→ Provided records
[Start of section]
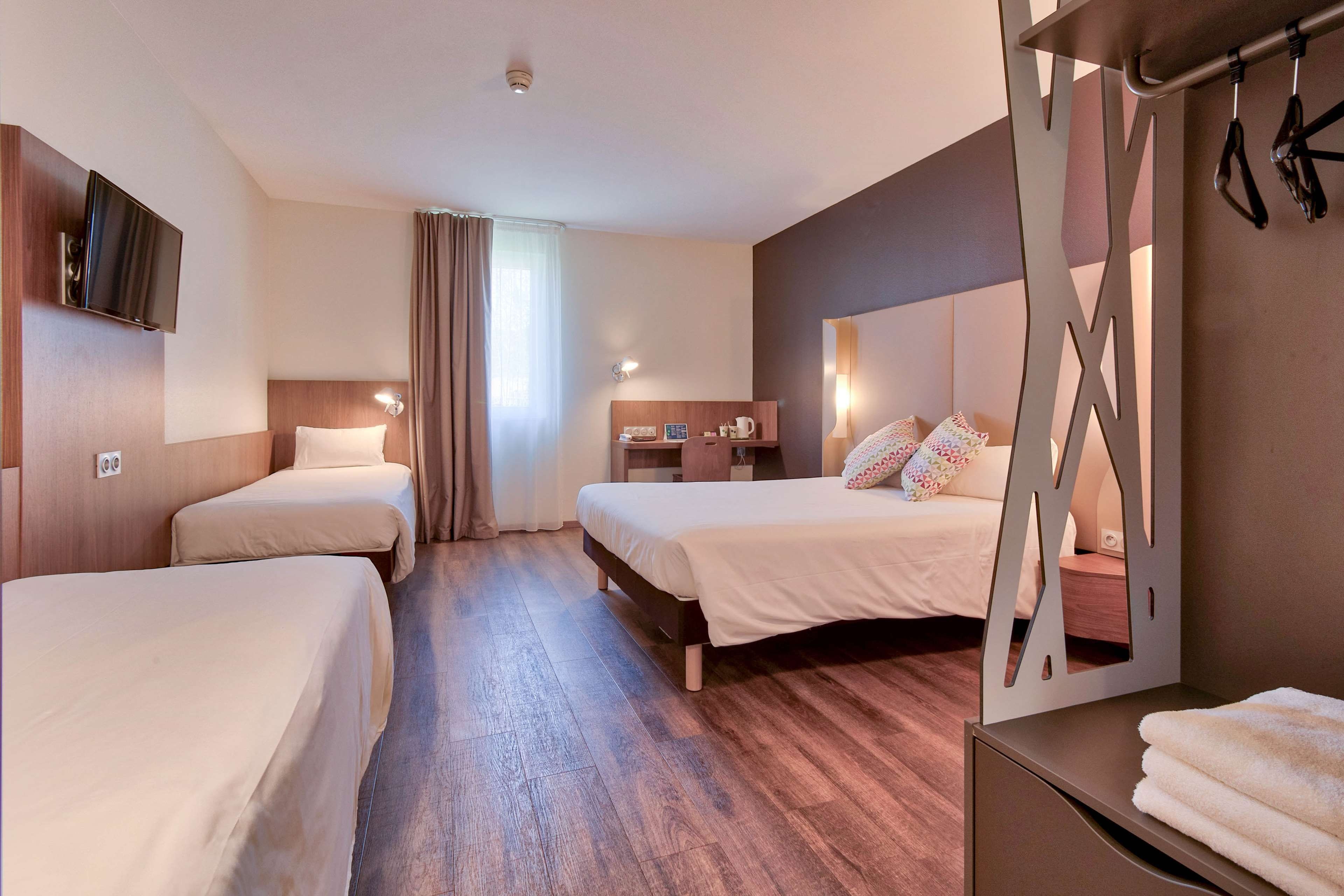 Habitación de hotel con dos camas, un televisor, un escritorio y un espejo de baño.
[End of section]
[Start of section]
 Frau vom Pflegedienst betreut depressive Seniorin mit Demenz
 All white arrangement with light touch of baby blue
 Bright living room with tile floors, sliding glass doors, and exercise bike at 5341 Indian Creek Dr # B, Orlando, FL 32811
[End of section]
→ Problem to work on
For this exercise, find all lines in the records containing the word "with" and copy them.

→ Task output
 All white arrangement with light touch of baby blue
 Bright living room with tile floors, sliding glass doors, and exercise bike at 5341 Indian Creek Dr # B, Orlando, FL 32811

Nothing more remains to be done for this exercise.